Ils se lancèrent aussitôt à l’assaut de la position où ils éliminèrent d’abord sans peine ‘AbdAllah Ibn Joubayr et tous ses Compagnons. Après quoi, ils fondirent sans attendre un seul instant sur l’arrière de l’armée des Musulmans en criant un mot de passe signifiant que la cavalerie avait réussi à éliminer le principal obstacle ce qui permit à ‘Amra al-Harithiya de relever l’étendard, aux troupes Qouraysh de se ressaisir et aux Musulmans de se retrouver entre deux feux, entre une multitude de fantassins qui revenus subitement leur firent face et une cavalerie chargeant à toute vitesse dans leur dos.

 

« Que nous arrive-t-il » se demandèrent certainement les Musulmans à cet instant précis mais devant une telle situation, ce genre de question se dissipa rapidement car tout était à refaire et le plus vite possible. C’est comme si le Prophète (sallallahou ‘aleyhi wa sallam) et ses Compagnons entraient dans une nouvelle bataille mais cette fois, sans plan tactique, sans mobilisation préalable et surtout sans commandement dirigeant les opérations.

Chaque combattant musulman, qui était dans le camp de l’ennemi, avait déjà lâché sa prise de guerre et décidait, selon sa propre vision des choses, de la mesure à suivre qui lui semblait être la meilleure.

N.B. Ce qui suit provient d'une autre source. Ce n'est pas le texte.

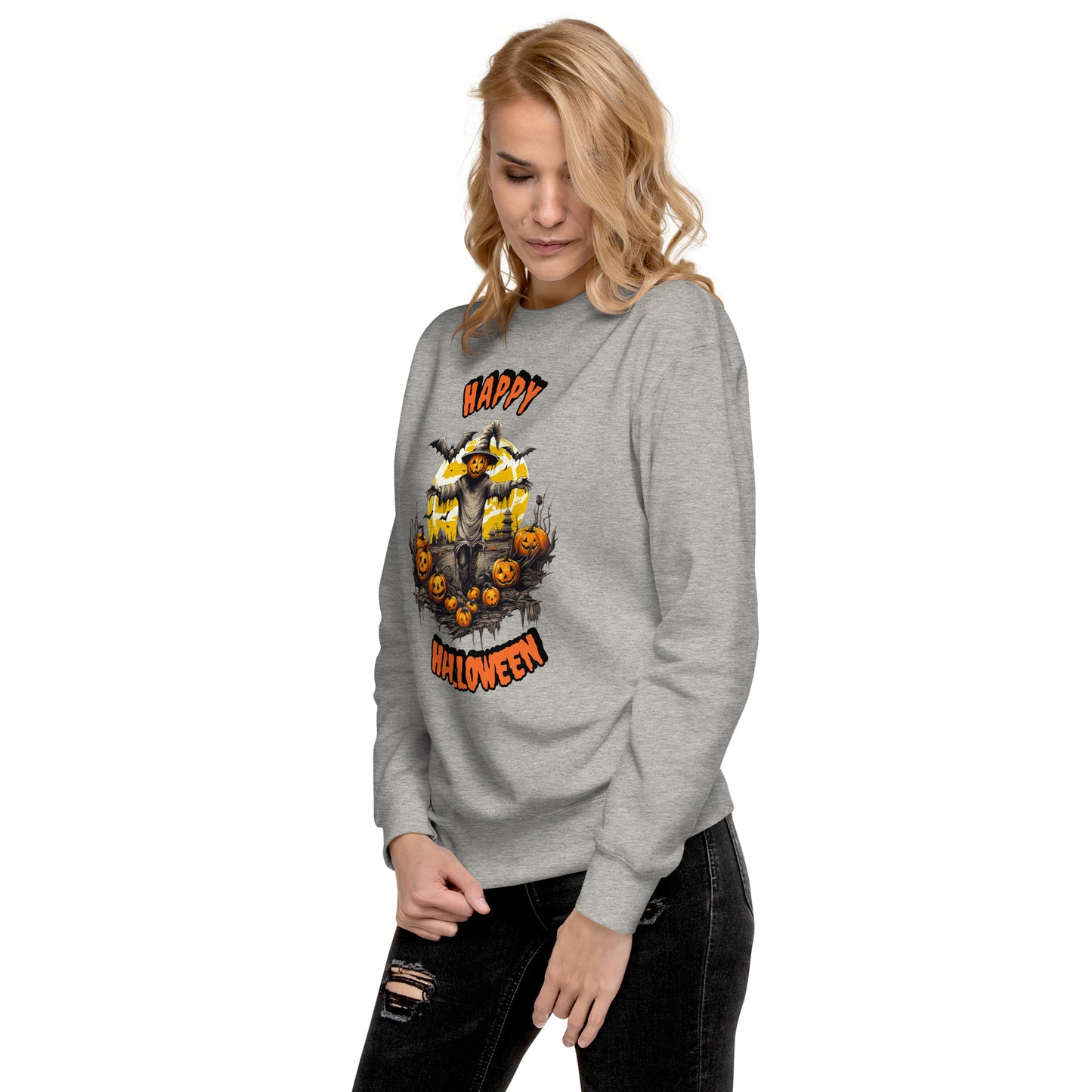 Spooky Scarecrow Unisex Premium Sweatshirt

Chacun essaya par ses propres moyens de desserrer l’étau qui le menaçait. En fait, personne ne savait quoi faire en ces moments difficiles surtout après les cris de joie des Qouraysh qui annoncèrent la mort du Prophète (sallallahou ‘aleyhi wa sallam).

 

Tout bascula alors. La cohésion des rangs s’effondra et les combattants devinrent désorientés.

Dans ce désordre et cette panique générale, nombre de musulmans furent malheureusement tués sans intention volontaire par d’autres musulmans. D’autres s’enfuirent vers Médine tandis que d’autres encore pensèrent à capituler[8].

Ce fut une épreuve très dure à surmonter et les lions de l’Islam ne se laissèrent pas aussi facilement prendre  au piège. Après avoir non sans difficultés traversé les nuées de flèches et la multitude de sabres et de lances, ils réussirent individuellement à rejoindre le poste de commandement dès qu’ils entendirent l’appel du Prophète (sallallahou ‘aleyhi wa sallam)



[1] (1) As-Sirah al-Halabiya, t.II. p.17

[2] As-Sirah al-Halabiya, t.II. p.18. Da’irat al-Ma’arif, t.I, p.86.

[3] Sirah Ibn Hicham, t.II. p.65.

[4] Az-Zoubayr Ibn al-‘Awam (radhiyallahou ‘anhou) a pour mère Safiyah (radhiyallahou ‘anha), la tante paternelle du Prophète (sallallahou ‘aleyhi wa sallam).

[5] As-Sirah al-Halabiya, t.II. p.18

[6] Al-Bidayah wan-Nihayah, t.IV, p.17.

[7] Al-Bidayah wan-Nihayah, t.IV, p.17.

[8] Al-Bidayah wan-Nihayah, t.IV, p.23.